Poetry. If what you relish about thought is its heft, velocity, its unpredictability, then Fred Muratori's THE SPECTRA will transport you. Visceral particulars—Batman, buzzsaws, wax-lustered cars, beef, and, yes, even Roy Orbison—propel readers beyond finitude in blunt cascades of 15 lines. Enjambments facilitate speed, precariousness, volatility while asking: "What if everything we think, from first synaptic spark to the last, is one thought, continuously digressive?" Parsed out in 13 syllables per line, life besieges readers as Muratori charts the source of the unsayable.
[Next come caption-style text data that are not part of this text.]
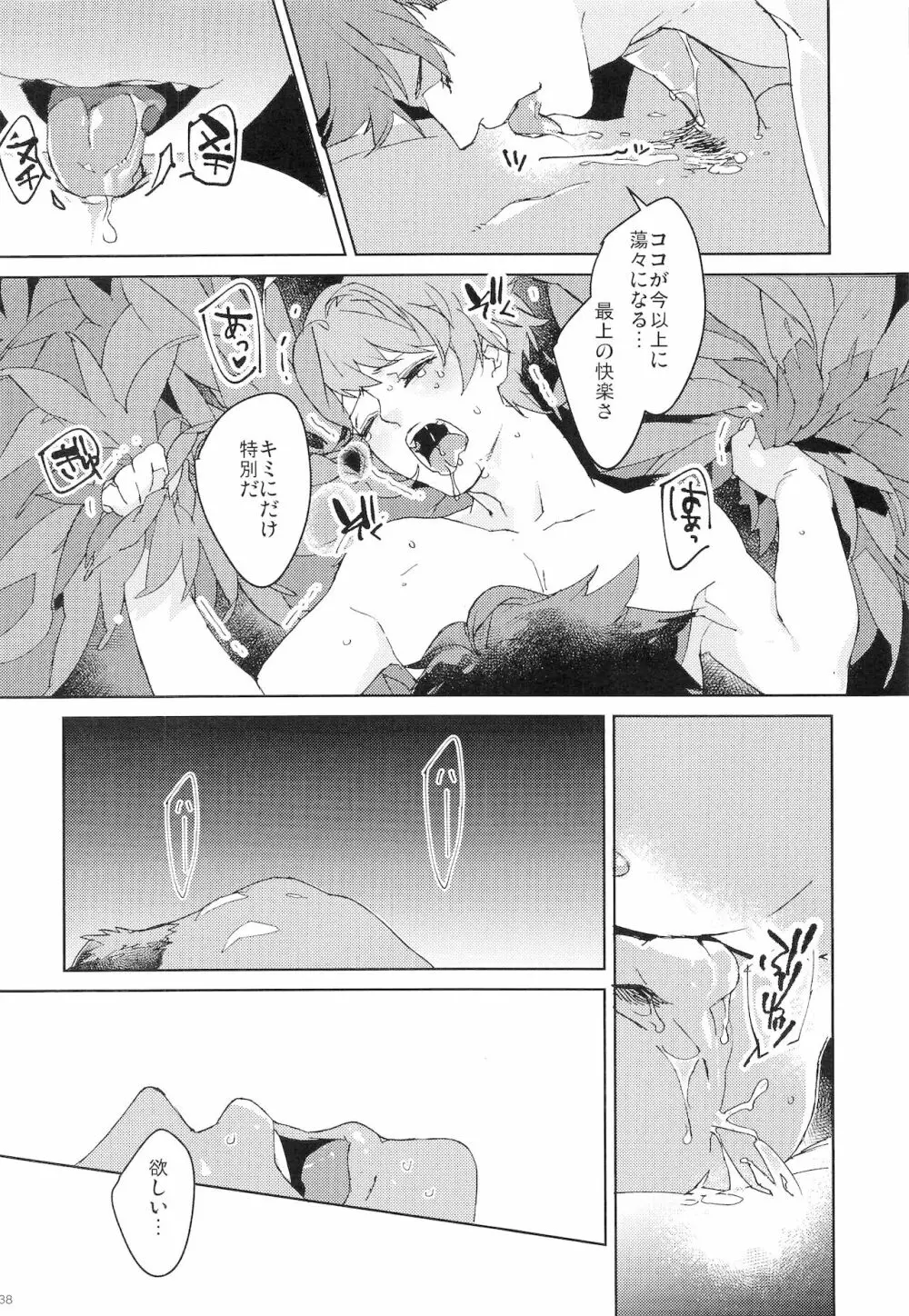 ヌマチノヘビ - page37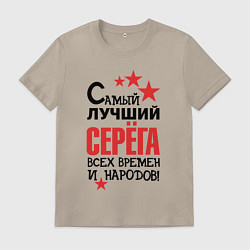 Мужская футболка Самый лучший Серёга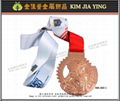 Metal Finishing Medal Marathon Medal Commemorative Medal Sports Medal 14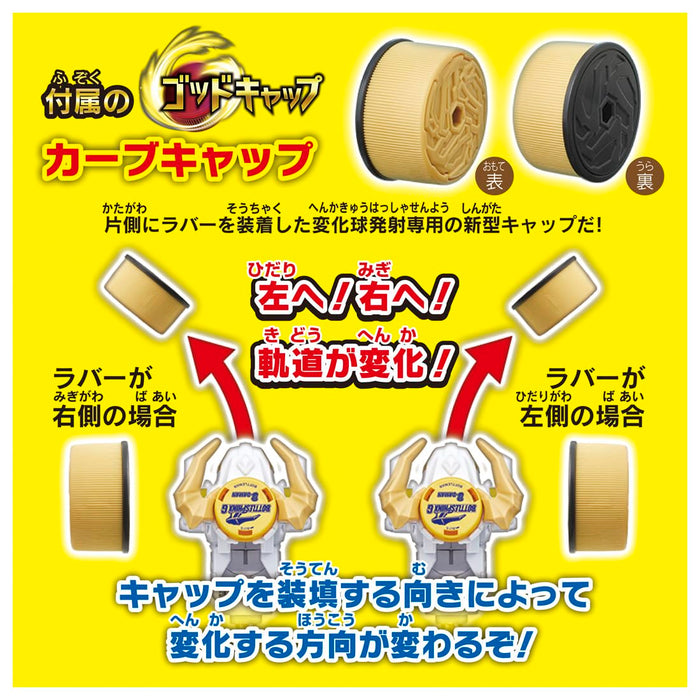 Takara Tomy Bot-59 Bottle Sphinx G - Enhanced Bottleman Game Toy- Japan Figure Store - #1 Bring To You The Best Japanese Goods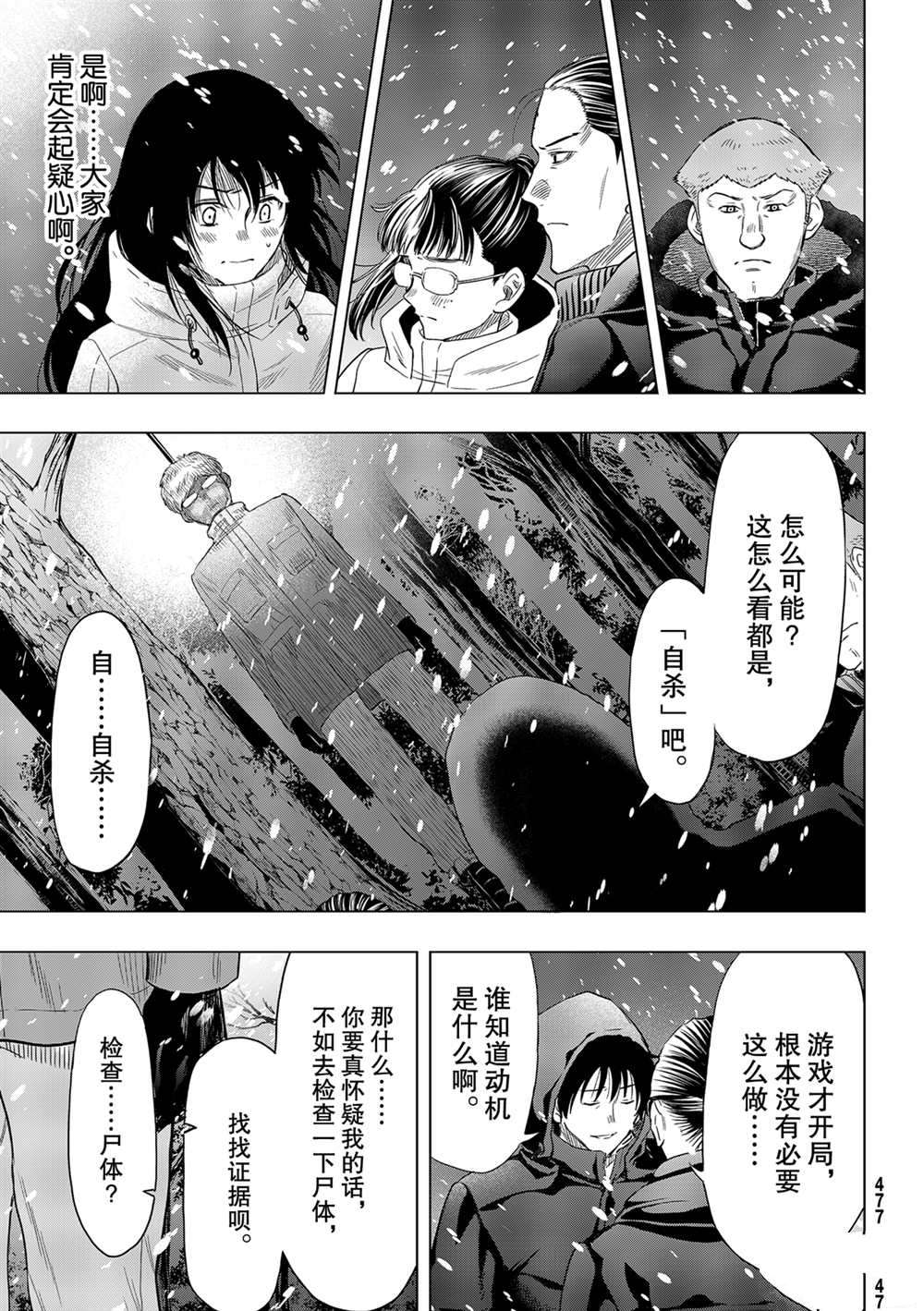 《朋友游戏》漫画最新章节第90话 试看版免费下拉式在线观看章节第【3】张图片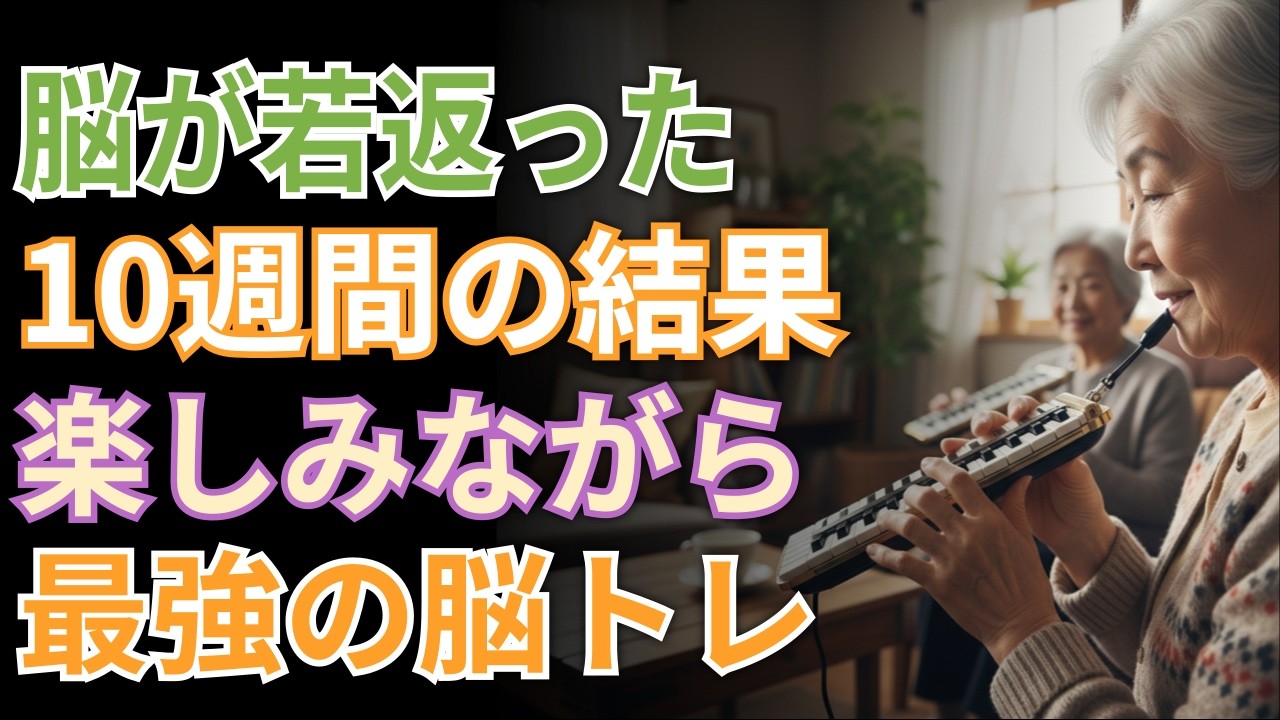70代から脳が若返る？ 10週間で変わった記憶力と会話力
Locomotion and elocution bring us to life's brim, to the subliminal spectra therein. One could cite Kant, Leibnitz and Wittgenstein to explain how Muratori twists conventional notions of meaning formation. The poet himself tips his hat to Wallace Stevens and others who fall into consciousness—Dupin, Bronk, Dahlberg, and Zukofsky. THE SPECTRA's thoughts-about-thought clang and balk, surprising us all.
Author City: ITHACA, NY USA
Born and raised near New Haven, Connecticut, Fred Muratori is an alumnus of Fairfield University and of the graduate creative writing program at Syracuse University, where he studied with Philip Booth and W.D. Snodgrass. He is the author of three full-length poetry collections, A CIVILIZATION (Dos Madres Press, 2014), THE SPECTRA (Stockport Flats Press, 2011) and Despite Repeated Warnings (Basfal Books, 1994), as well as a chapbook, The Possible (State Street Press, 1988). His poems and prose poems have appeared widely in journals such as The Iowa Review, New American Writing, Hotel Amerika, Poetry, Denver Quarterly, Verse, River Styx, and Stone Canoe; in the anthology series The Best American Poetry and The Best of the Prose Poem; the textbook Writing Dangerous Poetry; and on the Poetry Daily web site. His reviews of contemporary poetry can be found in Boston Review, American Book Review, Library Journal, Manhattan Review, and Notre Dame Review, among others. A recipient of poetry writing grants from the New York State Council on the Arts and the Saltonstall Foundation, he lives in Ithaca, New York and works as the Bibliographer for English-language Literature, Theater and Film at the Cornell University Library.